Transcribe all the lines below exactly. Omit the pictures.

Dataset records
▼▼▼

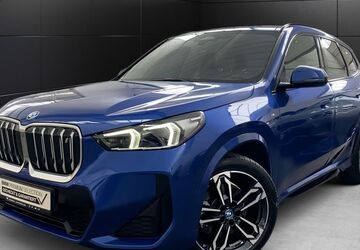 BMW iX1 31.100 km 38.980 &euro; Dachau 85221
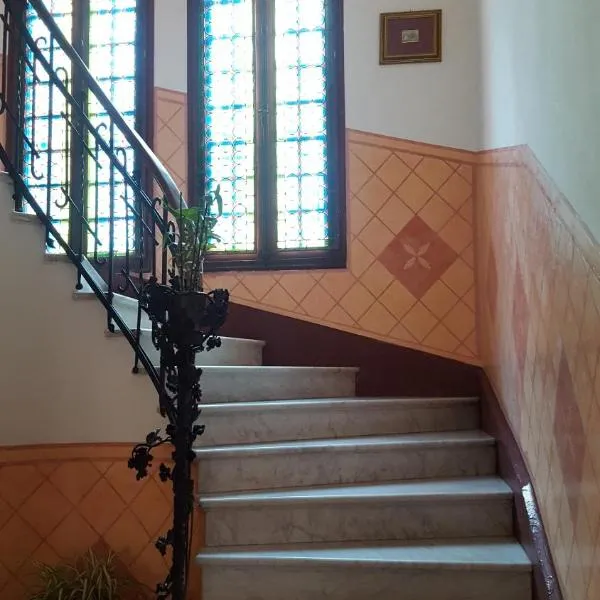 Hotel Al Sogno, hotel a Alassio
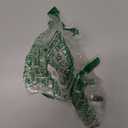 Reducing Coupling 3/4" x 1/4" NPT Female Threaded Pipe Fitting 304 Stainless Steel Adapter, 2 Pack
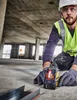 DeWALT DW088K Kreuzlinienlaser Selbstnivellierend Produktbild-Vorschau 24
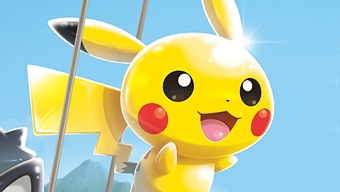 Descarga Pokémon Rumble Rush antes de su lanzamiento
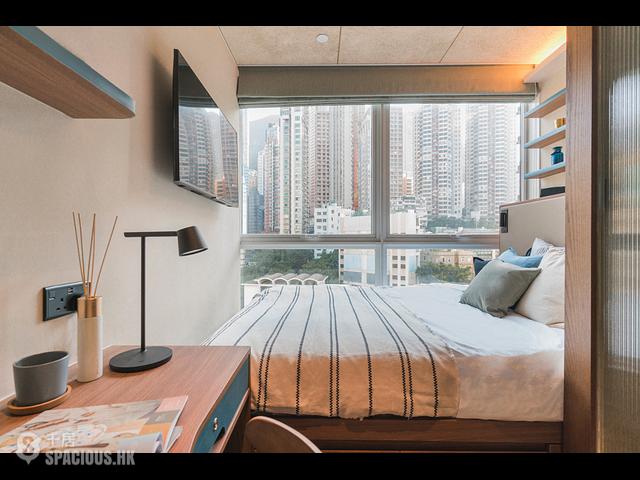 上环 - Weave Suites（中西区） 02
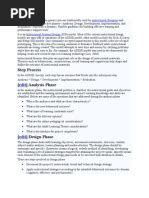 Toradh íomhá ar Addie Model Lesson Plan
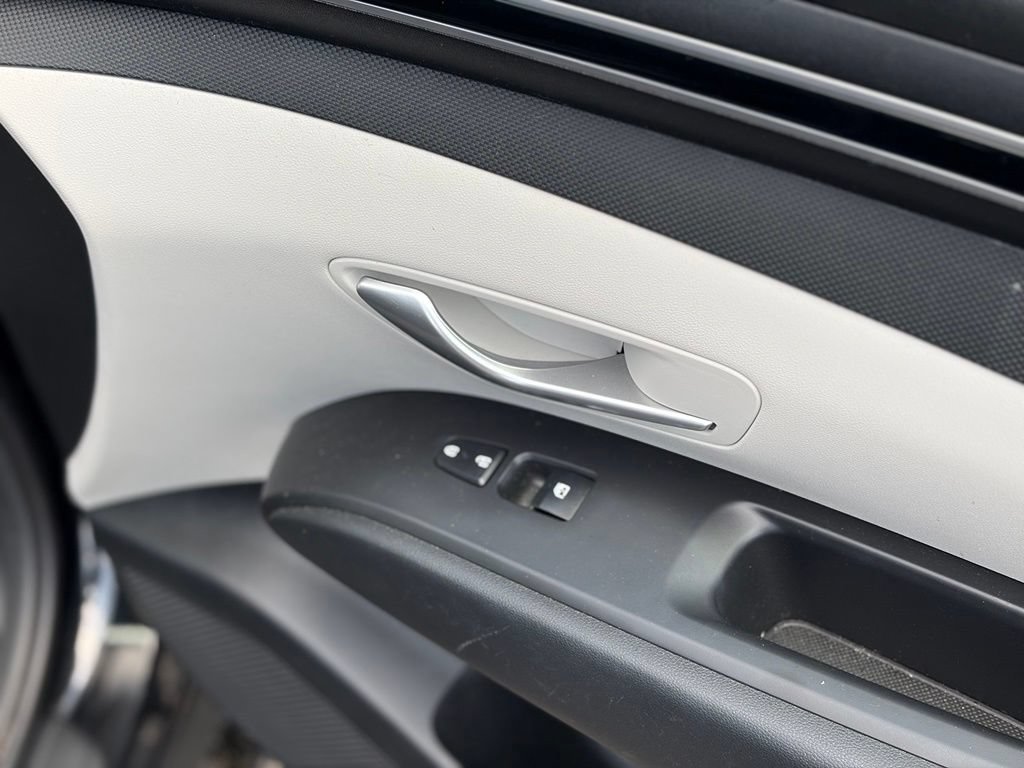 Used 2024 Hyundai Tucson SEL AWD/4WD image 18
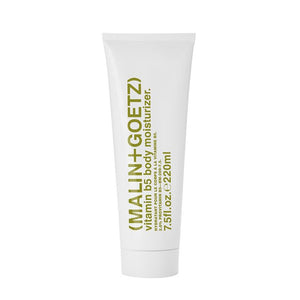 Vitamin B5 Body Moisturizer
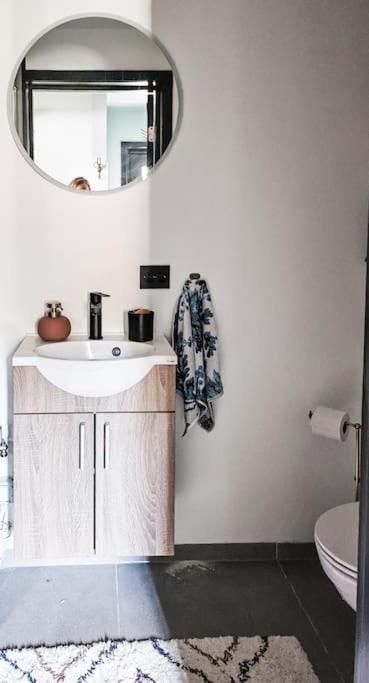 Cozy Mountain Cottage With Beautiful Views & Sauna Beitostolen エクステリア 写真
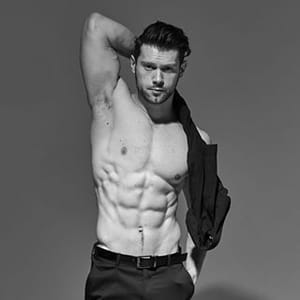 Henry Byalikov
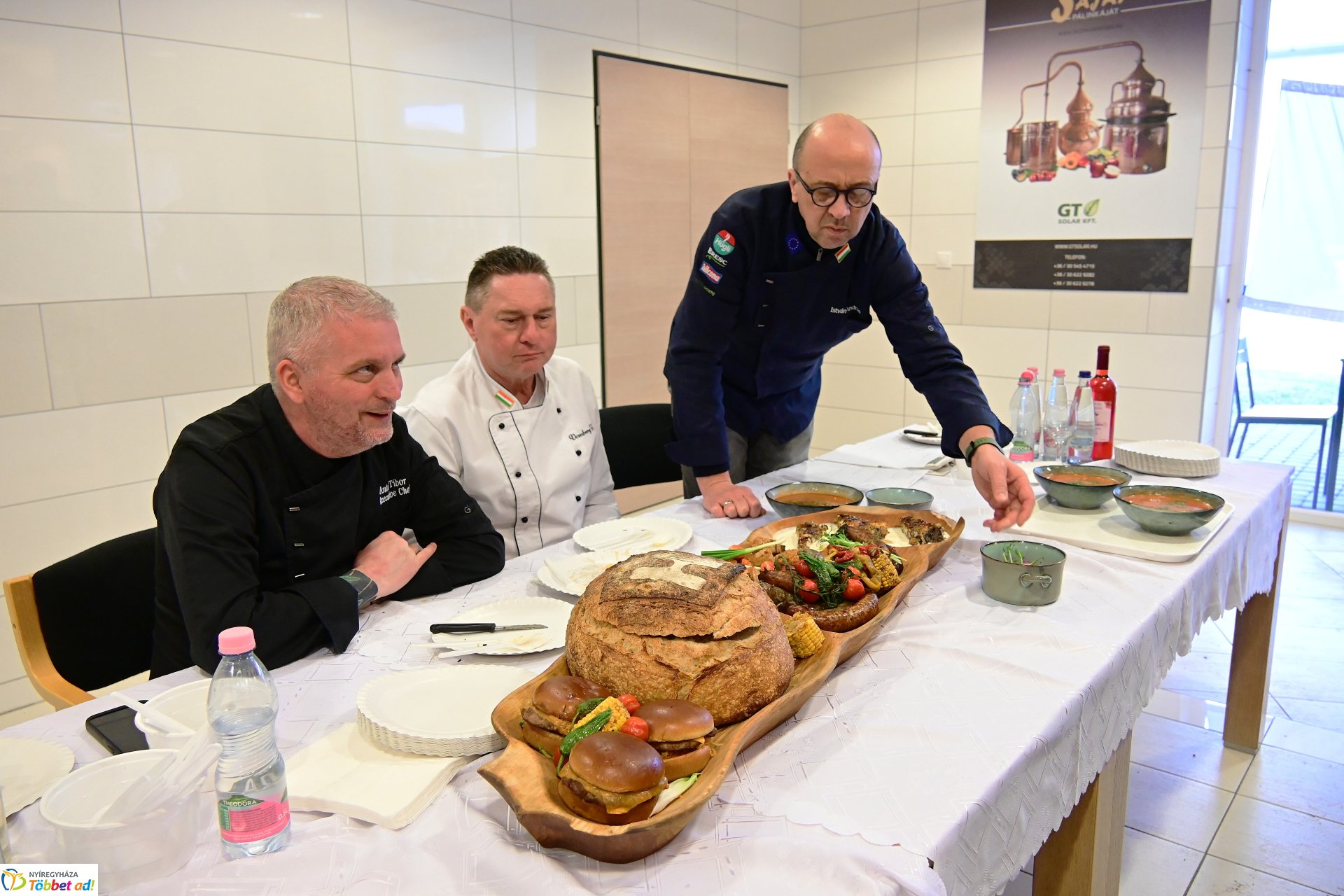 VIII. Nyírségi Disznótoros Fesztivál (2)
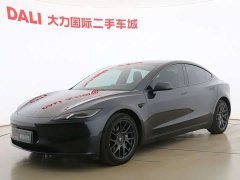 Tesla Model 3 2023 Long Range All-Wheel Drive - ფოტო 1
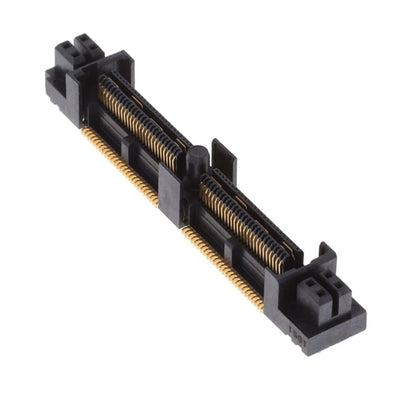 QFS-052-04.25-H-D-PC4 by Samtec Inc. - CONNECTOR RECPT 104POS SMD GOLD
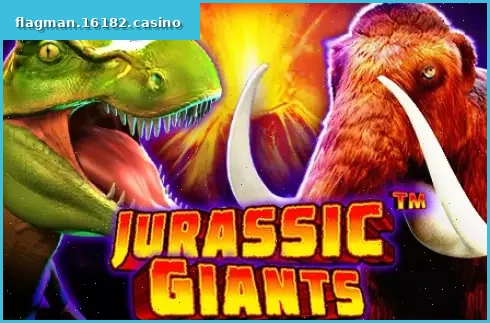 Jurassic Giants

▲▲▲

**Written solution:**
 BMW iX1 31.100 km 38.980 &euro; Dachau 85221
 Hotel Al Sogno, hotel a Alassio
 Reducing Coupling 3/4" x 1/4" NPT Female Threaded Pipe Fitting 304 Stainless Steel Adapter, 2 Pack
 DeWALT DW088K Kreuzlinienlaser Selbstnivellierend Produktbild-Vorschau 24
 Descarga Pokémon Rumble Rush antes de su lanzamiento
 上环 - Weave Suites（中西区） 02
 Toradh íomhá ar Addie Model Lesson Plan
 Used 2024 Hyundai Tucson SEL AWD/4WD image 18
 Vitamin B5 Body Moisturizer
 Cozy Mountain Cottage With Beautiful Views & Sauna Beitostolen エクステリア 写真
 Henry Byalikov
 VIII. Nyírségi Disznótoros Fesztivál (2)
 Tesla Model 3 2023 Long Range All-Wheel Drive - ფოტო 1
 QFS-052-04.25-H-D-PC4 by Samtec Inc. - CONNECTOR RECPT 104POS SMD GOLD
 Jurassic Giants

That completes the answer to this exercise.